Opinion

IF GREEN FAILS … . . . THE VICTORY BELONGS TO THE RACE-BAITERS

IT’S delicious to contemplate the meaning of a Mark Green defeat in today’s mayoral election. The repudiation it would represent of every aspect of his career is a little like a dream come true for sensible New Yorkers who have watched his career with alternating suspicion and disgust.

Green cut his political teeth managing the 1976 senatorial campaign of Ramsey Clark, the most awful serious candidate for major political office in my lifetime. (Clark actually sided with Iran in the taking of the American hostages in 1979.) Green’s knee-jerk hostility to capitalism expressed itself in years of self-described “consumer advocacy” in Washington – which was simply another way of advocating untrammeled socialism.

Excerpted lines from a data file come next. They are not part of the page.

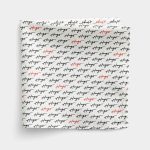 HUGO MEN  CALLIGRAPHY LOGO POCKET SQUARE WHITE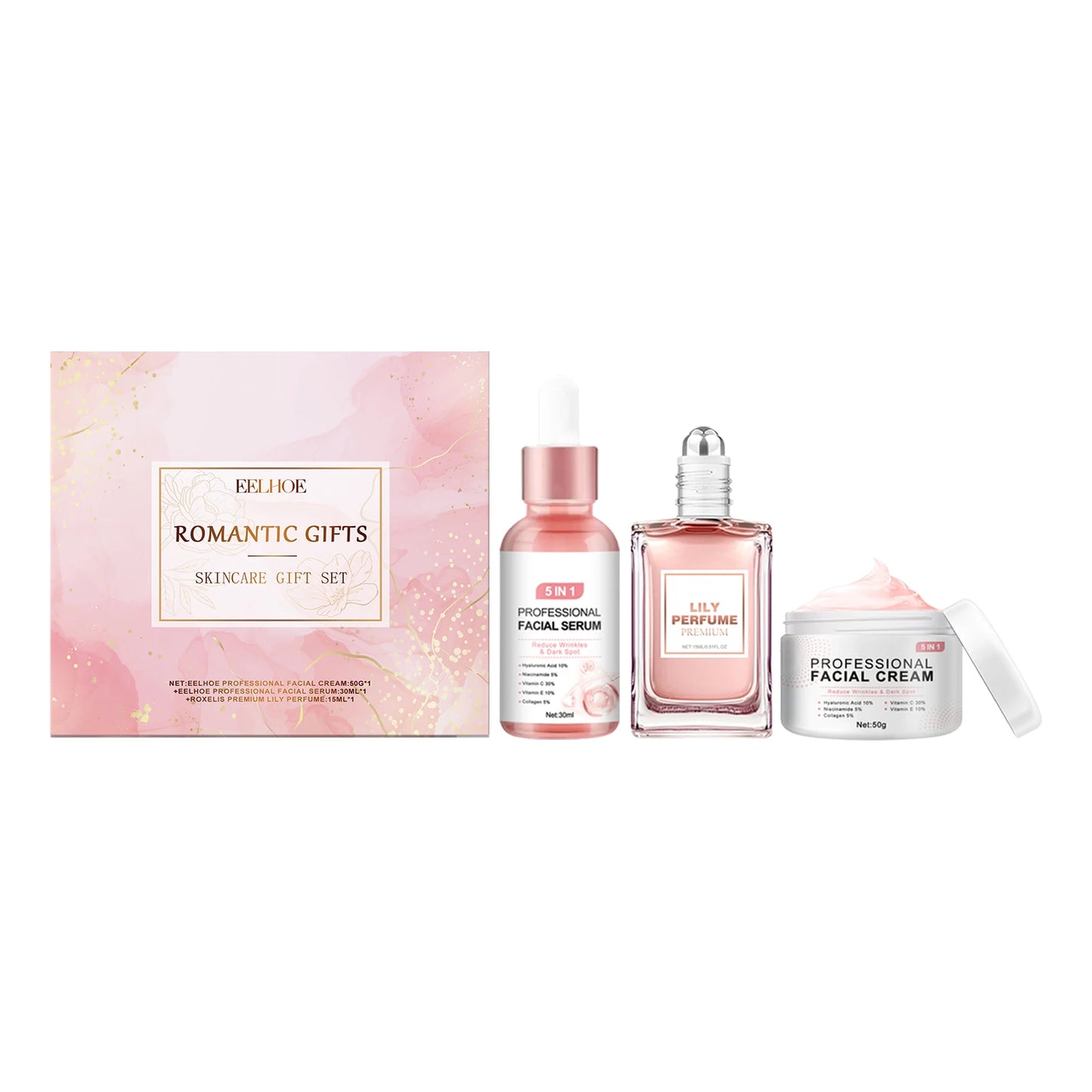 Pink Romantic Joyful Skincare Gift Box Improve Face Dullness Moisturize Firming Brighten Skin Fragrance Gift Box Set For Wome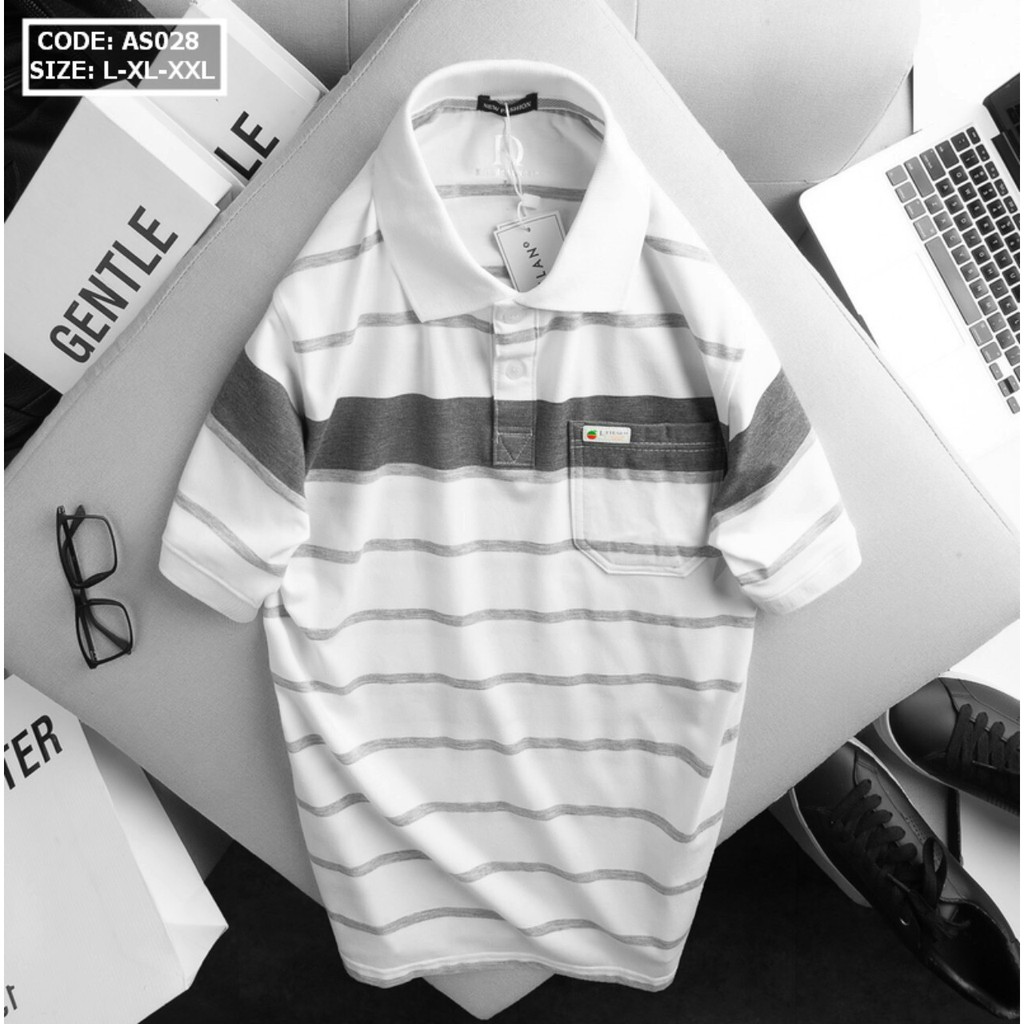 Áo Polo nam cổ bẻ phối có túi trung niên vải cá sấu Cotton xuất xịn,chuẩn form,sang trọng-lịch lãm -POLO NAM | BigBuy360 - bigbuy360.vn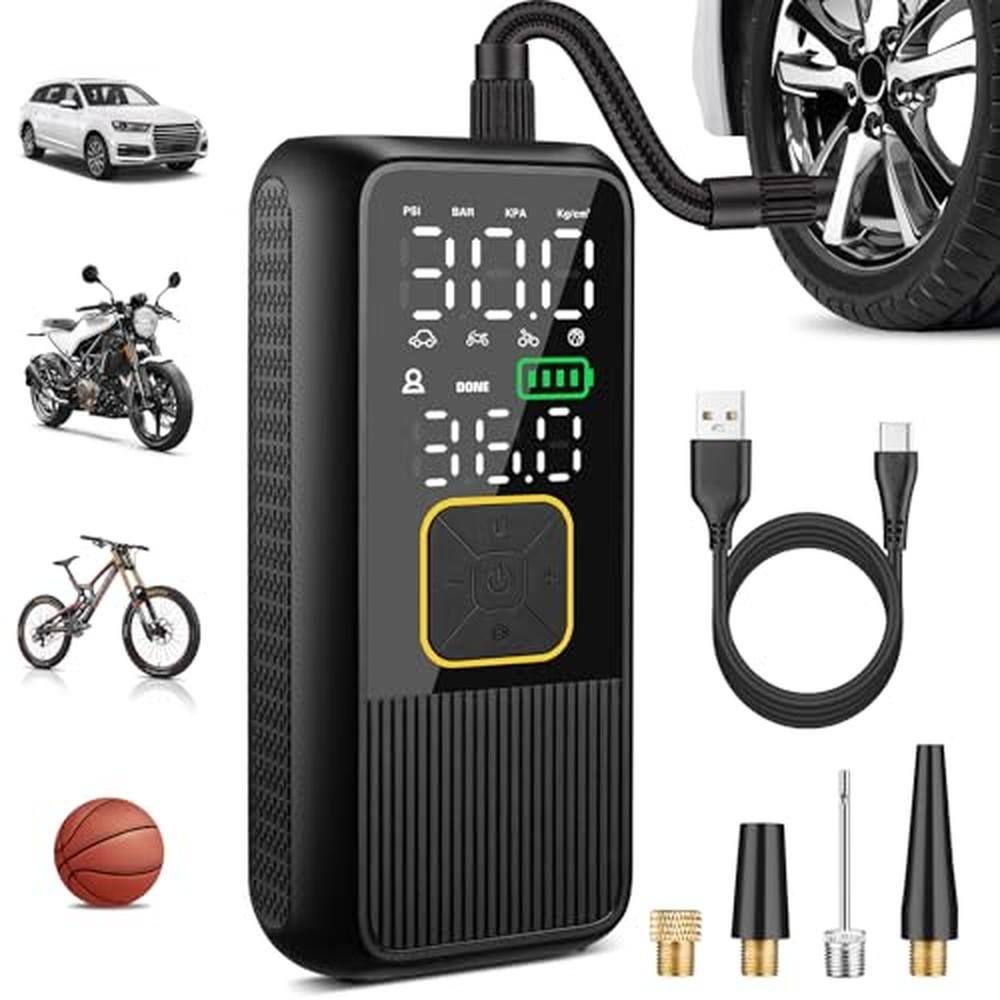 Tire Inflator: Pwperry Portable Air Compressor 4x Faster – Front View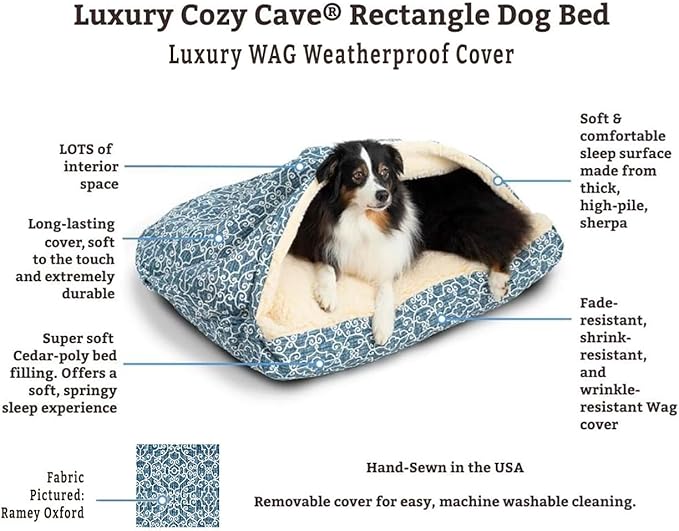 Snoozer Pet Products Luxury Rectangle Cozy Cave, Wag Collection, Small, Pedigree Storm
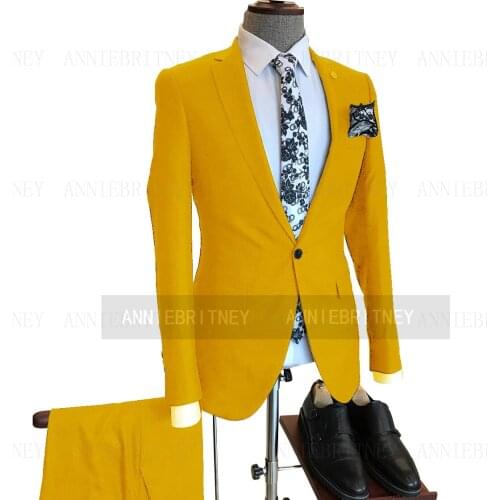 2021 Brand New Fashion Men Wedding Suits White Slim Fit One Button Gold Dress Tuxedo for Groom Plus Size Jacket Pants 2 Pieces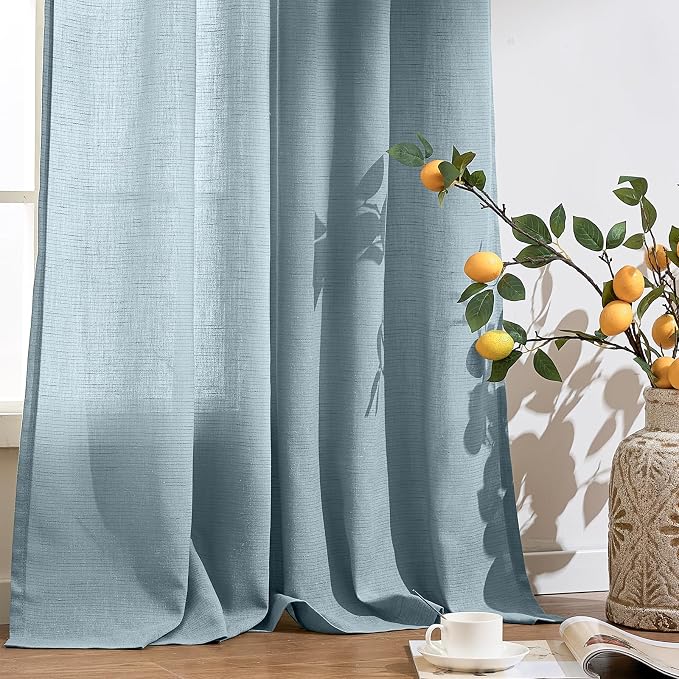 jinchan Linen Blue Semi Sheer Curtains 96 Inch Long 2 Panels for Living Room Grommet Dark Flax Light Filtering Curtains Home Office Minimalist Decor Drapes Suitable for Bathroom and Bedroom 50x96 Inch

Take this record of pronounced leftism, add to it a Clintonite hunger for attention, mix in an addiction to press conferences so out-of-control that a 12-step program would be the only solution – and there you have Mark Green.

“Cassius hath a lean and hungry look,” says one mistrustful conspirator of another in Shakespeare’s “Julius Caesar,” the greatest of all political plays. The sleek and polished Mark Green, who loves the camera so much he literally licks his lips whenever he comes into focus, is the Cassius of New York.

It’s nice to see him struggle and sweat.

If he wins today, it will be by the skin of his teeth. A Green victory will be due almost entirely to the natural advantages any Democrat possesses in New York City (mainly a 5-to-1 superiority over the GOP among registered voters) and with Green’s own betrayal of his leftist past by the way he unashamedly stood on the shoulders of crime-buster Bill Bratton.

And yet – alas, alas that I even find myself writing these words – Mark Green would be a better mayor for New York City than Michael Bloomberg.

That’s in part for substantive reasons: Green’s views on rebuilding the city after Sept. 11 are far more thorough, honest and realistic than Bloomberg’s confused pseudo-plan. It’s in part due to the simple fact that Green has worked in government, and at a time of crisis it would be useful to have a mayor who knows how city agencies work.

That’s especially true given the nightmarish chaos that will be caused by the wholesale replacement of dozens of elected officials due to New York’s horribly ill-conceived term-limits law.

Some of those who have moved into Bloomberg’s camp have come to believe that his victory will be a third term for Rudy Giuliani. Bloomberg has said he would try to keep on many of Rudy’s lieutenants, and there’s hope that the mayor would be appointed to run the new authority overseeing the rebuilding of lower Manhattan.

But Bloomberg will not have spent $50 million to become mayor so that he can be bossed around by Giuliani – nor will Giuliani be content to work for Michael Bloomberg. The way these things go, we’ll be lucky if the two of them are talking by next Christmas.

Here’s the most sobering thing to think about: A Green defeat will be seen as a victory for Al Sharpton, Freddy Ferrer and the politics of racial division in New York City.

The pundits and political scientists will say that Green lost because he had angered black and Latino voters who chose to stay home on election day.

For a week after the mid-October runoff, the leaders of the so-called “Black-Latino” coalition that came close to winning the Democratic nomination for Freddy Ferrer demonized Green for phone calls his campaign didn’t make and fliers his campaign didn’t hand out.

The anger against Green has been stirred up and manufactured by rabble-rousers – Sharpton and Bronx Democratic boss Roberto Ramirez particularly – who clearly would prefer to see Green lose because it will make them look more powerful.

That explains the endorsement of Bloomberg by the New York Amsterdam News, which used blatantly anti-Semitic language to denounce Green and his “Jewish mafia from Borough Park.”

The Amsterdam News endorsement points up the most bizarre aspect of this most bizarre race. Bloomberg knows full well that the Sharpton-Ramirez flirtation with him in October caused the Green juggernaut to be brought to a full stop. He may imagine that he can work with them.

By contrast, Green now has every reason to view Sharpton and Co. with the kind of loathing that they deserve – and that any New York mayor must have if he is to succeed. Maybe he’ll show us he deserved that Bratton endorsement after all, and that Bratton wasn’t just acting out of spite toward Rudy when he went with Green.

Of course, Green has to win first. Personally, I’d enjoy his loss tonight far more than his victory. But I don’t think that would be best for New York City.